I mentioned in my article WIA 4:1 current balun that the use of a single toroidal core in the above graphic compromises the balun. This article presents some simple measurements and analysis that question whether the balun works as so many users think.
The popularity of the balun derives from the work of VK2DQ and is often known as the VK2DQ 4:1 current balun (though probably not his invention).
Analysis at the limits
Often, analysis of a network as frequency approaches zero or infinity can simplify the analysis whilst allowing a reasonable test of the sanity of the design.
Above is a conventional transformer schematic of the WIA 4:1 current balun on a perfectly symmetric (balanced) load. At frequencies where the electrical length of each winding is very short, we can assume negligible phase delay along or between windings, simplifying analysis greatly.
If we assume that at such a frequency, that the core characteristics are such that:
- conductor resistance is insignificant;
- core loss is insignificant;
- permeability is relatively high and so flux leakage is very low (ie almost all flux is contained in the toroidal core; and
- magnetising impedance of a single winding is relatively high.
You might consider that this approaches an ideal transformer, and it does.
Under these conditions, the input impedance (at the left hand terminals) of the transformer (even with no load, ie Z=∞), approaches zero. That is to say that as you improve this transformer towards ideal characteristics, Zin approaches a short circuit, and the output voltage would approach zero.
That sounds a warning sign, that the ‘better’ you make this device, the worse it performs.
Measurement
This balun is often pictured with a red core with rounded corners, looking very much like a powdered iron core, eg T200-2 with relatively low permeability of 10.
Nevertheless the text further down recommends a FT140-61 ferrite core (which will usually be unpainted and have sharper chamfered corners.

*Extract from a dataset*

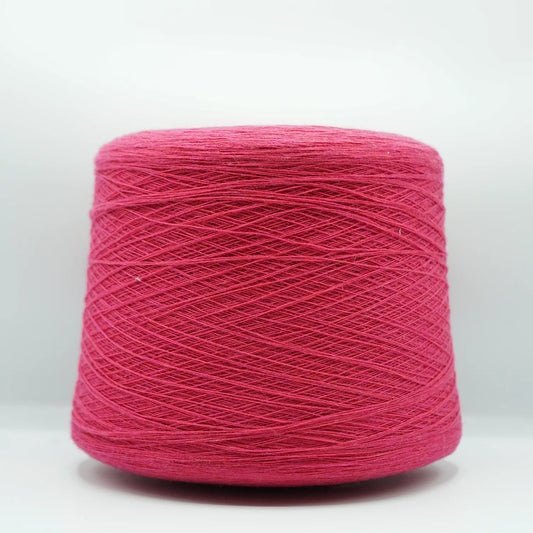 Linsieme Cashmere Yarns BATIK – Garn aus 47% Merino und 8% Kaschmir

Above is a balun wound to the directions given in the article on a real FT140-61.
Magnetising impedance
Earlier, we discussed that the magnetising impedance would approach zero for an ideal transformer of this configuration. The core used is low to medium permeability, so there will be significant flux leakage… so lets measure it.

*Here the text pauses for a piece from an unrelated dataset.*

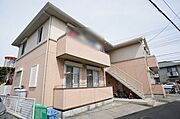 フォレスタの賃貸物件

Above is measured magnetising impedance. The graph is windowed at ±500Ω as we would want that the magnitude magnetising impedance was OUTSIDE this range in a 50Ω system. It is outside ±500Ω from about 9-18MHz.
So the low magnetising impedance (caused by the series opposed windings) will compromise InsertionVSWR (and therefore nominal impedance transformation) on 80, 40, 15, 12 and 10m.

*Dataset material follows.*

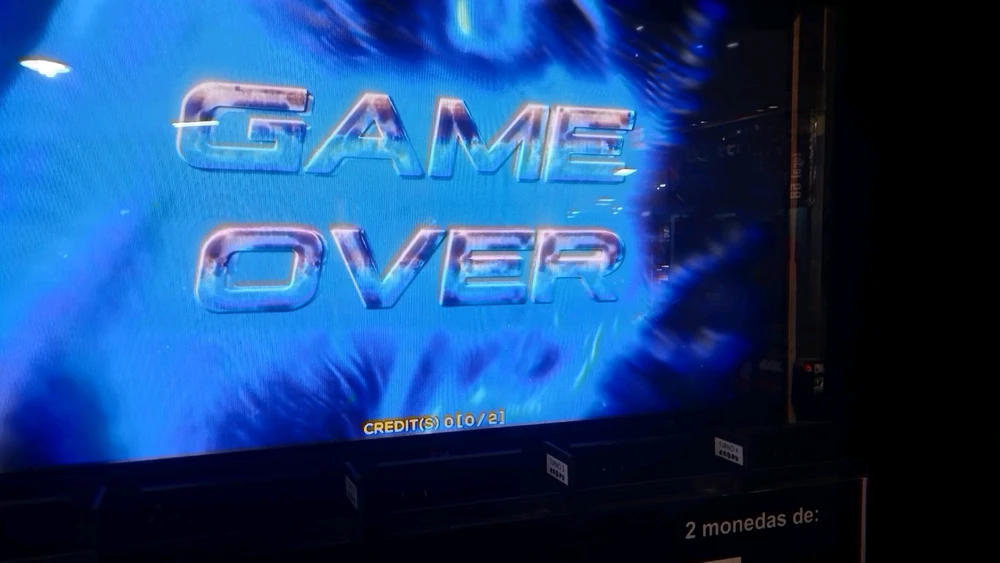 Imagen subida por Williams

InsertionVSWR with asymmetric load
Above is the InsertionVSWR plot for the transformer terminated in an asymmetric 200+j0Ω load. The response is never good, particularly poor at the lower frequencies, but supporters will hold that it works real good.
Common mode impedance (Zcm)
Zcm gives a good indication of whether a current balun is likely to give good common mode current reduction in most scenarios.
Above is the Zcm response, it shows a quite sharp self resonance around 22MHz. The sharp response is quite expected with #61 material which is a relatively low loss material at these frequencies.
The graph is windowed at ±2000Ω as we would want that the magnitude of Zcm was OUTSIDE this range for good common mode current reduction. It is outside ±2000Ω from about 16-30MHz.
So the low Zcm (caused by the series opposed windings) will compromise common mode current reduction on 80, 40, 30, and 20m.
Is it for you?
Make up your own mind, it is clearly not a good HF 4:1 current balun, but hey, you might work some DX and prove that it works real good.
If you use the balun with an OCF dipole, your antenna asymmetry and poor current balun performance working against you, so expect higher local noise pickup and increased risk of electromagnetic compatibility. The cry of mediocrity often heard is any antenna is better than none at all.
My own view: I do not recommend this balun for any scenario.
References
- WIA 4:1 current balun
- WIA 4:1 current balun – further explanation.
- 4:1 current balun – identifying bad ones
- Bertrand, R. 2005. Understanding and building the OCF dipole.
- Duffy, O. 2008. A review of the Guanella 4:1 balun on a shared magnetic circuit.